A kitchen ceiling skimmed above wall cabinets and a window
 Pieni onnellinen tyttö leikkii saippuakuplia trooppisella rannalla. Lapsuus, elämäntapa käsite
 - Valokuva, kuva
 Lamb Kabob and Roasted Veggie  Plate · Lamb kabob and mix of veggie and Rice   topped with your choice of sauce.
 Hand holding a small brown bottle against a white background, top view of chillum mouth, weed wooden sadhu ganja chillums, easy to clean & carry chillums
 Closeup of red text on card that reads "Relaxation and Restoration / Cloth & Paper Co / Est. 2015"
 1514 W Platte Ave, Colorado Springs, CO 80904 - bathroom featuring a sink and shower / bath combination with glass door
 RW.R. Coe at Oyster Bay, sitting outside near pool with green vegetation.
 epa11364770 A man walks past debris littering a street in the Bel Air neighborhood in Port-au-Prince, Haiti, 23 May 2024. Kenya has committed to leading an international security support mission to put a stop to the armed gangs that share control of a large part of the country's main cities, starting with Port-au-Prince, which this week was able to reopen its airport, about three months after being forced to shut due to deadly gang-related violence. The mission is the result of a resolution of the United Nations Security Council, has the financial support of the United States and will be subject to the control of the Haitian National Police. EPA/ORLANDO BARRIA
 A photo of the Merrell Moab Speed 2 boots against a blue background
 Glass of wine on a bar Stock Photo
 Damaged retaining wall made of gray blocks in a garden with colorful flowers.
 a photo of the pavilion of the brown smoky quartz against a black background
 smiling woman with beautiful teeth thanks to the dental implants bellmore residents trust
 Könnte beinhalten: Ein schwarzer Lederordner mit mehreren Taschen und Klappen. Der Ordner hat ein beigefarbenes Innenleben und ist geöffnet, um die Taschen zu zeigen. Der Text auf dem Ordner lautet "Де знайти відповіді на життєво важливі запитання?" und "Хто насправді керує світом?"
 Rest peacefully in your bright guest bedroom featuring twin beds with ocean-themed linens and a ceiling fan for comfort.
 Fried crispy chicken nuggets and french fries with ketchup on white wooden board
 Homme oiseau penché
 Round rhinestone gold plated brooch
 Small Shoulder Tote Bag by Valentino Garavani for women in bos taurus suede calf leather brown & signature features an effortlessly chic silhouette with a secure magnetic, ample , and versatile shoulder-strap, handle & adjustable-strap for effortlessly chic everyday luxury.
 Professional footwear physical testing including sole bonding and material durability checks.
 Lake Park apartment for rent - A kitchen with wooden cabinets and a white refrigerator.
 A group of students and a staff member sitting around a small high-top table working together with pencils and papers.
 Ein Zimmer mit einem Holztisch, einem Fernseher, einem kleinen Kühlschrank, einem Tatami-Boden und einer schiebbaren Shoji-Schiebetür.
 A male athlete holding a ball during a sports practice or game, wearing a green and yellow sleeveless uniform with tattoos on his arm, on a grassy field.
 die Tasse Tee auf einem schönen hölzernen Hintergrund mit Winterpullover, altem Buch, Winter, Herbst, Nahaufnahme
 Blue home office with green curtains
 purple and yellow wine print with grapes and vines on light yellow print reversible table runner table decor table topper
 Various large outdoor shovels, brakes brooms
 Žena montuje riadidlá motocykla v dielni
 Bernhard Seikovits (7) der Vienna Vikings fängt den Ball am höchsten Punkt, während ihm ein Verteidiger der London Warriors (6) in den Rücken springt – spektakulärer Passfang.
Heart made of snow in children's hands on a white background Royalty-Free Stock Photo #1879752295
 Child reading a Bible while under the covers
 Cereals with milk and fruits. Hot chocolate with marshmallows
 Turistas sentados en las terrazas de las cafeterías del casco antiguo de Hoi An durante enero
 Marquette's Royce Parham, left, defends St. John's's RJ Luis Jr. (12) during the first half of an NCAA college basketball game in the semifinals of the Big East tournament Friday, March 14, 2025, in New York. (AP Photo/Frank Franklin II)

=-=-=-=-=

Task to complete:
Report how many lines in these entries contain "ceiling". Answer with the number only.

Exercise result:
2